If your current position will allow you to eventually advance up to the career you ultimately want to have or allows you to gain the experience you need – great! Don’t quit your job for anything, even if your sugar daddy offers to triple your allowance.
Especially because being a sugar baby can be very beneficial for the career track you’re on. Sugar daddies tend to be experienced, successful men. If you find the right sugar daddy and ask the right questions, you can gain more business knowledge out of a sugar relationship than an MBA degree.
There is tremendous value in a sugar daddy who is much older than you and in a related field. They will know much more and have many more valuable contacts. Plus, they’ll find your youth and ambition sexy and want to mentor you and help you progress.
However, if, like so many people of the recent college-grad generation – you’re working at a job that will not lead to the career you ultimately want to have AND your current job is not teaching you the skills required to land that career, it’s not a bad idea to quit.

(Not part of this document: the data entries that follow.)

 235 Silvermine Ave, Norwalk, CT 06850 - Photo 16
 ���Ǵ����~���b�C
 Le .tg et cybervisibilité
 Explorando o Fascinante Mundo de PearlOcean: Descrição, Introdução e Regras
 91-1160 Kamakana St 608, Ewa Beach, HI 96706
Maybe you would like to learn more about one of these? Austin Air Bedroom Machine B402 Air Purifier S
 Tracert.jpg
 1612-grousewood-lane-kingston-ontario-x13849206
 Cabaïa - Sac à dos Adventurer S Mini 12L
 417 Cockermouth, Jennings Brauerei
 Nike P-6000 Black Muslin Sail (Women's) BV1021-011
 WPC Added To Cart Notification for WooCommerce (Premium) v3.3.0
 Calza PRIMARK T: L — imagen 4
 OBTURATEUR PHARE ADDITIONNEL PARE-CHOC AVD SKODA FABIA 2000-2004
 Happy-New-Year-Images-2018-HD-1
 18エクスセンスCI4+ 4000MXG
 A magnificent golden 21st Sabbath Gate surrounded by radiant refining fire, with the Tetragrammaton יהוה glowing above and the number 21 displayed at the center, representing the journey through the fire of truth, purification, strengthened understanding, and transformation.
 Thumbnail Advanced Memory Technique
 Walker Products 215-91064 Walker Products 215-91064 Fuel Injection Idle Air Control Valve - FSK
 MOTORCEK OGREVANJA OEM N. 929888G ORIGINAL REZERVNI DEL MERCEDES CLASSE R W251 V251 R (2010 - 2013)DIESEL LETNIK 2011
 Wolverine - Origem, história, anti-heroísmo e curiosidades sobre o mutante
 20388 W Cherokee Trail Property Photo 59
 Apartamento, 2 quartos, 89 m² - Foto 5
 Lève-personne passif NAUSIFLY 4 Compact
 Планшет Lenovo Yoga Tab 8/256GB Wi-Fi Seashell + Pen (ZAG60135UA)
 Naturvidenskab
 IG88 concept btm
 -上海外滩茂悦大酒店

But make sure you have a plan in place before you do.
If You Do Decide to Quit Your Job as a Sugar Baby…
The first place to start is to make sure you have a safety net solidly in place. A sugar daddy is not a safety net. A good safety net is to have enough in your savings account to be able to support yourself for at least 3 to 6 months without a sugar daddy or a job.
Also, make sure you have a game plan for self-improvement.
One of the best reasons for being a sugar baby is to buy yourself time to improve your current skill set. Nine-to-five jobs that consist of mental menial labor are exhausting and unproductive. Your time is better spent devoting that time to learning new skills and gaining the experience you need to qualify for a much better position.
If you decide to quit your dead-end job, take advantage of the time afforded to you by your sugar daddy and get to work building up a skill base for yourself. Do everything you can to increase your value.
Do a bootcamp. Apply for an unpaid internship. Do volunteer work that is related to the field you want to work in. Non-profits are continuously in need of people and willing to give you experience in a number of areas: project management, event planning, finances and budgets, fundraising, and so on.
Spend some time studying whatever will get you closer to your ideal career. Learn a new language, read up on economics, invest your time studying for a certificate or in a training course.
A steady sugar relationship provides a way (albeit temporarily) for you to gain time and money simultaneously. Make sure you use it to your full advantage.